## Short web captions
★ ★ ★ ★ ★ ★ ★
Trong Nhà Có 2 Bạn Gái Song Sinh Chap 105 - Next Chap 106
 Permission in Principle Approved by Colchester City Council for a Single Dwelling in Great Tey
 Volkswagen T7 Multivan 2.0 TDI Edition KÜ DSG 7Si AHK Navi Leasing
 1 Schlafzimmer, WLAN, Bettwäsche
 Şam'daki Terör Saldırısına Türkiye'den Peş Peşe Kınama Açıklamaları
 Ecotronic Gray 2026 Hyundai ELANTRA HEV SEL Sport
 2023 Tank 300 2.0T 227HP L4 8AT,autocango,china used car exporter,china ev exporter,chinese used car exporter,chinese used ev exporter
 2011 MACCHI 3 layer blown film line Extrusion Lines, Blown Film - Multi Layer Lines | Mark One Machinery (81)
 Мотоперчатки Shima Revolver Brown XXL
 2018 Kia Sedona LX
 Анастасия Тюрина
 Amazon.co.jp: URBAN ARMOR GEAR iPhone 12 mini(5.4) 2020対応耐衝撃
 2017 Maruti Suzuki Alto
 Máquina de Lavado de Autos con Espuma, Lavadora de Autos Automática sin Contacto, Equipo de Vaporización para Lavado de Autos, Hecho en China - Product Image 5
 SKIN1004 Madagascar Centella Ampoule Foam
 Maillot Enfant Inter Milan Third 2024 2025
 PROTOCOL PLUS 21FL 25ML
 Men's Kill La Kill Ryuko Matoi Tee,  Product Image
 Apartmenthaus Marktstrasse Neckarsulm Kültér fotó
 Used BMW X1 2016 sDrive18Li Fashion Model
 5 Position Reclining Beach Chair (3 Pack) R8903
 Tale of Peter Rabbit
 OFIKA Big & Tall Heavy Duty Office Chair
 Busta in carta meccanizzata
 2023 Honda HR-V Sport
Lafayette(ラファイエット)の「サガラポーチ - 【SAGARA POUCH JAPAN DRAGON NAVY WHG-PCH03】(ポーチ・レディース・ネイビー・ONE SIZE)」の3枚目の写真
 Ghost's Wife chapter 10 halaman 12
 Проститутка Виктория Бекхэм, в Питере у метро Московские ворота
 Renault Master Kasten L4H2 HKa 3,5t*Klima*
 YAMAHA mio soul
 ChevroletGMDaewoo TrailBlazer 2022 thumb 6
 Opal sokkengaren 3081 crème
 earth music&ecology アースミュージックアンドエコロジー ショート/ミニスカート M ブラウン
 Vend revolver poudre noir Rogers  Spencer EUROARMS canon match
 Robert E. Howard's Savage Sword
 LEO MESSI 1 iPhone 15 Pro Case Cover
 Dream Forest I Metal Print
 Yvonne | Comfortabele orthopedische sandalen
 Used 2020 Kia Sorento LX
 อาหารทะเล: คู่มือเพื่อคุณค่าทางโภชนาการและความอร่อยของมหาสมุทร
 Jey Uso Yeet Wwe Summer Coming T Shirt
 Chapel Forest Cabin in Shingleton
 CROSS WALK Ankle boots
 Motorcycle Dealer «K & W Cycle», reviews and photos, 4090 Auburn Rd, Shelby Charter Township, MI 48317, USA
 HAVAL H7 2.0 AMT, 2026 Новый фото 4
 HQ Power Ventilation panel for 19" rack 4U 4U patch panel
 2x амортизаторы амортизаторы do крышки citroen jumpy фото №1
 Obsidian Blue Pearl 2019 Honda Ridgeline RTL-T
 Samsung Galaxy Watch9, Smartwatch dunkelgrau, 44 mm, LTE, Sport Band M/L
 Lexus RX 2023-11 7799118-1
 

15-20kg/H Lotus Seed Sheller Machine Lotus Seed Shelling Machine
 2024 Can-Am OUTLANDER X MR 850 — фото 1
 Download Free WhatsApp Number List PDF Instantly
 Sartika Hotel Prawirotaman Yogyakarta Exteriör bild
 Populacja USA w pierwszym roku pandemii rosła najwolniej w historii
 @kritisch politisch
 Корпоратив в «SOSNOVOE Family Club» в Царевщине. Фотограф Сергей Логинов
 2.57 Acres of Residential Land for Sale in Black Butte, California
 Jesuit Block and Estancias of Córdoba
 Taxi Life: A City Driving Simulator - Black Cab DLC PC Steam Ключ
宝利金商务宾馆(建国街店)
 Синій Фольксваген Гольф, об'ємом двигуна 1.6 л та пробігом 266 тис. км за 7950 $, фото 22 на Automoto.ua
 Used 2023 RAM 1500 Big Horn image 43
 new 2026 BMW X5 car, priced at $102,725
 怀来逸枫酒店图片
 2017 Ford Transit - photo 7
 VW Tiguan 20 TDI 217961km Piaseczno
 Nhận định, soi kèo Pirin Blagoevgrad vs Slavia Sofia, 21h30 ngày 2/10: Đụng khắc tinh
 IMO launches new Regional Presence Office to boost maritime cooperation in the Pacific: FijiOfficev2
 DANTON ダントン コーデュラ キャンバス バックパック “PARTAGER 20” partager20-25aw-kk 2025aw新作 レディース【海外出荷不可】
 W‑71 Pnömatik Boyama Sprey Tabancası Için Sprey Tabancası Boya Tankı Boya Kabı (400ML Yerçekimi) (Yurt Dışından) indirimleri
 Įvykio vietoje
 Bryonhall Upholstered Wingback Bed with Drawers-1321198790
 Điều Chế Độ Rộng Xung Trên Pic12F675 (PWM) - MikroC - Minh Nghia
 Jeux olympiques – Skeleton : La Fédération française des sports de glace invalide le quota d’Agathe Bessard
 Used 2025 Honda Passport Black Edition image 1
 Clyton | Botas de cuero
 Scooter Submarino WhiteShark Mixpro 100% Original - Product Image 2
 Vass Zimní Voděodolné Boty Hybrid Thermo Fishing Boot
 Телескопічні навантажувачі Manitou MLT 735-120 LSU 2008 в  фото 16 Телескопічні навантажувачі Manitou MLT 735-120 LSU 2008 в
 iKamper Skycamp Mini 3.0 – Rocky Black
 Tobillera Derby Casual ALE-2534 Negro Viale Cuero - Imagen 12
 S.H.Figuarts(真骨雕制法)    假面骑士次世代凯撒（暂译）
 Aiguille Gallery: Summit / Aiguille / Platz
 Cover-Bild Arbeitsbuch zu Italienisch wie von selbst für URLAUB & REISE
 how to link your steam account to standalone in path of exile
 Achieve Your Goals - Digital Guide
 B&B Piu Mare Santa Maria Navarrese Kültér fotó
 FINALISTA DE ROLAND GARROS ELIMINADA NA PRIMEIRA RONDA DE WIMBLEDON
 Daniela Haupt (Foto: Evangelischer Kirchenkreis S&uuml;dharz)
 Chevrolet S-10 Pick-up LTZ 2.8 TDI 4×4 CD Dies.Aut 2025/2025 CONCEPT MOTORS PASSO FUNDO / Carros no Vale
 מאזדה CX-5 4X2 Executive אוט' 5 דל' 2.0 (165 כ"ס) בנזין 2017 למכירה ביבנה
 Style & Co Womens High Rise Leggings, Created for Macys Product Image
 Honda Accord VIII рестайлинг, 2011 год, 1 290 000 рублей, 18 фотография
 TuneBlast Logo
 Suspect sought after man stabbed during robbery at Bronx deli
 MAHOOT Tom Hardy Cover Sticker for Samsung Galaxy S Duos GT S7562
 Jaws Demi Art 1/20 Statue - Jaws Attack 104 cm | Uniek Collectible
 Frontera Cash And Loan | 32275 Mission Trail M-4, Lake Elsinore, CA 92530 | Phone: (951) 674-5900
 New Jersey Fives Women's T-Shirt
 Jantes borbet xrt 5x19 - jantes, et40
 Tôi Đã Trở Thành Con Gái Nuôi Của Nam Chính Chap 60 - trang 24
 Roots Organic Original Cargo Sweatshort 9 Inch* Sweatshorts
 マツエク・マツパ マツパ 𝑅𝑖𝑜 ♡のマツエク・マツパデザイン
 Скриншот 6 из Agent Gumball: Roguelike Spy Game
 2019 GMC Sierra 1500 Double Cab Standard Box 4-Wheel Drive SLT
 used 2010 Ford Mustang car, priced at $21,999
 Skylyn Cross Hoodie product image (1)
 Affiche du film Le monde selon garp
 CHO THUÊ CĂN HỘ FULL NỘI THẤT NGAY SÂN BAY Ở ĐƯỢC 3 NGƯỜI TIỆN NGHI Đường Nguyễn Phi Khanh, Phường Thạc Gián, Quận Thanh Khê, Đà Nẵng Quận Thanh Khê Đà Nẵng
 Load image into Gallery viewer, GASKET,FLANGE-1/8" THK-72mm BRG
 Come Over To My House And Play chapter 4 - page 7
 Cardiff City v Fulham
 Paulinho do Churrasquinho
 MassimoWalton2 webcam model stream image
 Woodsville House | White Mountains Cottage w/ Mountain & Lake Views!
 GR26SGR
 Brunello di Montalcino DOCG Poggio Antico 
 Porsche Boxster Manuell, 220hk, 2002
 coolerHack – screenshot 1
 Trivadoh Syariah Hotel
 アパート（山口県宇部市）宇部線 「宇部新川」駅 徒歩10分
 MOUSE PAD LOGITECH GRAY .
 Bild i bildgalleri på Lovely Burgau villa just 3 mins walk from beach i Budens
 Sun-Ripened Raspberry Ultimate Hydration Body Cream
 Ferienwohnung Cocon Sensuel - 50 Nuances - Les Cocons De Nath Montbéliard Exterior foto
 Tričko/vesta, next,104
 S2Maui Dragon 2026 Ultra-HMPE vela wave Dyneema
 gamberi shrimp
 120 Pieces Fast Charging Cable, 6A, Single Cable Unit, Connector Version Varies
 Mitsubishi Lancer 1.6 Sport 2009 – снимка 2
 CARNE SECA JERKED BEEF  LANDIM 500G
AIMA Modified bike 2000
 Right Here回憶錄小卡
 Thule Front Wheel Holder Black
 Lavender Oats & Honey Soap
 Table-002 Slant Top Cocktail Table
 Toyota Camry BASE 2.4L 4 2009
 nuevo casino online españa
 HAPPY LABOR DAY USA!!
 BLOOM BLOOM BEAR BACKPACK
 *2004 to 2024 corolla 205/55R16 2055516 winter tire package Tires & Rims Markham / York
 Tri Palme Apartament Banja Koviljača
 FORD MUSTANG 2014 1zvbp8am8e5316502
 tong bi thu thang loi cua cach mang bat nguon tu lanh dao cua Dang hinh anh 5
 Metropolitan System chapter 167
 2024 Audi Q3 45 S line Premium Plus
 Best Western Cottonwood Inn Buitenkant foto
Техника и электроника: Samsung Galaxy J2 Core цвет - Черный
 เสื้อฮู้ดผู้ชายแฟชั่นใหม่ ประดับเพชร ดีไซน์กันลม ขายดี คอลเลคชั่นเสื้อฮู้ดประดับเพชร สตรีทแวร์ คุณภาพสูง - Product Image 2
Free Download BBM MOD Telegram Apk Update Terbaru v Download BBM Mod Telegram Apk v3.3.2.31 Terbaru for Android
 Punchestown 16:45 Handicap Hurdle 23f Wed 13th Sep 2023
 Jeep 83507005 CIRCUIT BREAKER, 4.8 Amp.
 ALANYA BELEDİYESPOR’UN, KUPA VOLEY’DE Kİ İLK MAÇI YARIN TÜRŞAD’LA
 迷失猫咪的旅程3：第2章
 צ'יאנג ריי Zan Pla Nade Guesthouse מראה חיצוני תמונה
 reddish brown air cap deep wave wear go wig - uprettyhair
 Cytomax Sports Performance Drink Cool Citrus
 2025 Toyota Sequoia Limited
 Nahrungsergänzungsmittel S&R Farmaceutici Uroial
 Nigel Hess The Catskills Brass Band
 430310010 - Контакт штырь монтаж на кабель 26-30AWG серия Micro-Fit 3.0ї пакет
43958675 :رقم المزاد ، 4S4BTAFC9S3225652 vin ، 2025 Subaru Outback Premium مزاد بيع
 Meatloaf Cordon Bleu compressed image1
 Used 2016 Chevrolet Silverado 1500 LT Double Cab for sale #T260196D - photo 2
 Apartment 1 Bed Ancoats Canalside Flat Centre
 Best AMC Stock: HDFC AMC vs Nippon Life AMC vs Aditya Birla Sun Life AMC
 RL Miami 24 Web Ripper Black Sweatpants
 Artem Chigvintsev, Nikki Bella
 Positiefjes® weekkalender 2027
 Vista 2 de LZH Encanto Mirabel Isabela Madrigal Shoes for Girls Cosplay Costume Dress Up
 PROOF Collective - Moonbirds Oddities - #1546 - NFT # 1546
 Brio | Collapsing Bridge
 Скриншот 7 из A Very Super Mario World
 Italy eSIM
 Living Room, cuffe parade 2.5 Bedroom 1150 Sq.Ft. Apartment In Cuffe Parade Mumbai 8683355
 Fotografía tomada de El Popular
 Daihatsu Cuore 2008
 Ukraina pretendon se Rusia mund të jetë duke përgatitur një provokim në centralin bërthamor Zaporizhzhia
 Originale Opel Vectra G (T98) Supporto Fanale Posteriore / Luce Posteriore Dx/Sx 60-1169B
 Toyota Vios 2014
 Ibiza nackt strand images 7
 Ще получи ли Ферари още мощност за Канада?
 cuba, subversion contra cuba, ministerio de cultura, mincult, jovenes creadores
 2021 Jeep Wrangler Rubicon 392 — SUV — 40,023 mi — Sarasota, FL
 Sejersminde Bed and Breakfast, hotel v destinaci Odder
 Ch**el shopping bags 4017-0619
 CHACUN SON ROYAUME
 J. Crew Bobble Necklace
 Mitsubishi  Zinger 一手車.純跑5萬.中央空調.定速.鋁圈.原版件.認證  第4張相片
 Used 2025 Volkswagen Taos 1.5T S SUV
★ ★ ★ ★ ★ ★ ★
## TASK DESCRIPTION
From the records above, transcribe exactly the run of lines that opens with the line holding "Синій Фольксваген Гольф, об'ємом" and closes with the line holding "Achieve Your Goals - Digital Guide", both included.

## EXERCISE ANSWER
 Синій Фольксваген Гольф, об'ємом двигуна 1.6 л та пробігом 266 тис. км за 7950 $, фото 22 на Automoto.ua
 Used 2023 RAM 1500 Big Horn image 43
 new 2026 BMW X5 car, priced at $102,725
 怀来逸枫酒店图片
 2017 Ford Transit - photo 7
 VW Tiguan 20 TDI 217961km Piaseczno
 Nhận định, soi kèo Pirin Blagoevgrad vs Slavia Sofia, 21h30 ngày 2/10: Đụng khắc tinh
 IMO launches new Regional Presence Office to boost maritime cooperation in the Pacific: FijiOfficev2
 DANTON ダントン コーデュラ キャンバス バックパック “PARTAGER 20” partager20-25aw-kk 2025aw新作 レディース【海外出荷不可】
 W‑71 Pnömatik Boyama Sprey Tabancası Için Sprey Tabancası Boya Tankı Boya Kabı (400ML Yerçekimi) (Yurt Dışından) indirimleri
 Įvykio vietoje
 Bryonhall Upholstered Wingback Bed with Drawers-1321198790
 Điều Chế Độ Rộng Xung Trên Pic12F675 (PWM) - MikroC - Minh Nghia
 Jeux olympiques – Skeleton : La Fédération française des sports de glace invalide le quota d’Agathe Bessard
 Used 2025 Honda Passport Black Edition image 1
 Clyton | Botas de cuero
 Scooter Submarino WhiteShark Mixpro 100% Original - Product Image 2
 Vass Zimní Voděodolné Boty Hybrid Thermo Fishing Boot
 Телескопічні навантажувачі Manitou MLT 735-120 LSU 2008 в  фото 16 Телескопічні навантажувачі Manitou MLT 735-120 LSU 2008 в
 iKamper Skycamp Mini 3.0 – Rocky Black
 Tobillera Derby Casual ALE-2534 Negro Viale Cuero - Imagen 12
 S.H.Figuarts(真骨雕制法)    假面骑士次世代凯撒（暂译）
 Aiguille Gallery: Summit / Aiguille / Platz
 Cover-Bild Arbeitsbuch zu Italienisch wie von selbst für URLAUB & REISE
 how to link your steam account to standalone in path of exile
 Achieve Your Goals - Digital Guide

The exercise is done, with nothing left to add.